Only unity will defeat extremism
Crossbench peer Lord Rana explains why the West must resist polarisation and division in the fight against Isis.
As we approach the Commons vote on extending airstrikes to Syria, we still reel in horror and shock over Paris – will we be the next target? How do we combat ISIS? Do we intervene? What is our responsibility to help and protect? What should be done about Assad? There is a lack of consensus on how to approach the largest terrorist organisation and refugee crisis since World War II.
Having lived in Northern Ireland throughout the Troubles, I have all too frequently encountered deeds of a similar nature to those committed by ISIS – targeted atrocities that seek to sow division and hate, to split the world between black and white.
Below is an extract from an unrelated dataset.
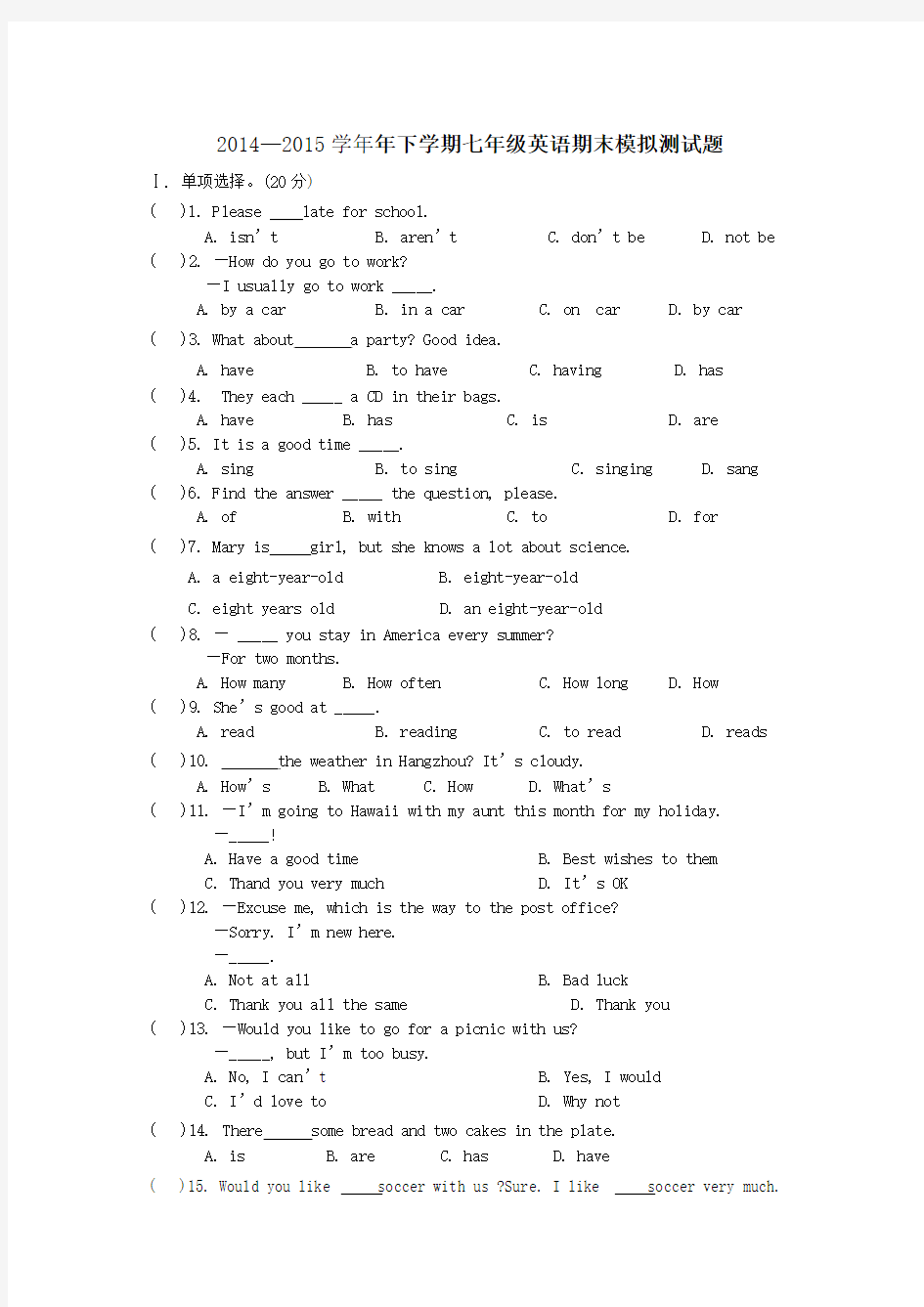 2014—2015学年下学期七年级英语期末模拟测试题(word版,含答案)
Yet the world is more often than not coloured in shades of grey. I have found that solutions are more than often found in the determination to come together and move forward in a spirit of compromise, and resisting an “us” and “them” mentality.
Although the difficulties we face in Syria and with ISIS contrast heavily to those in Northern Ireland, there are three important lessons to be drawn. First, conflict is never black and white. Second, compromise and the cessation of hostilities must engage all parties equally; it must reach out to win hearts and minds. Finally, diplomacy and conflict resolution are ongoing processes; there are no hard or fast solutions.
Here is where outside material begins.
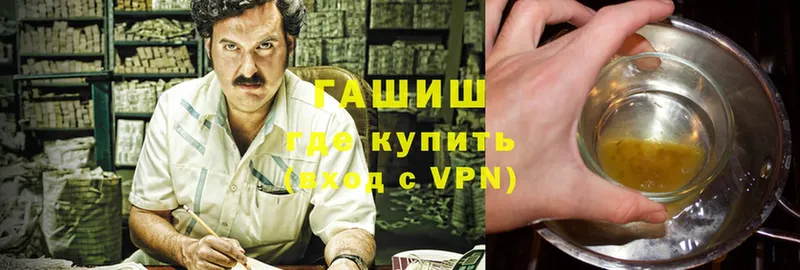Гашиш хэш  Волоколамск 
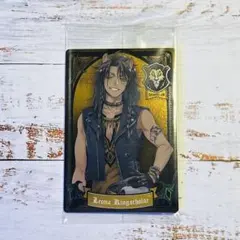 ツイステッドワンダーランド ウエハース レオナ・キングスカラー 寮服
With these lessons in mind, the Prime Minister’s approach to Syria outlined last week should be broadly welcomed. Cameron has set out a long term plan that is predicated upon defence at home; inclusive diplomatic and political processes towards transition in Syria; further humanitarian aid; and military action against ISIS. It is not enough for the UK to stand by idly, to watch ISIS terrorise innocent civilians in Iraq, Syria and abroad, while we wash our hands of refugees. Yet indiscriminate bombing without local support and political compromise will achieve nothing. Intervention must be part of a wider resolution among all parties to end ISIS’ reign of terror and bring peace to the region.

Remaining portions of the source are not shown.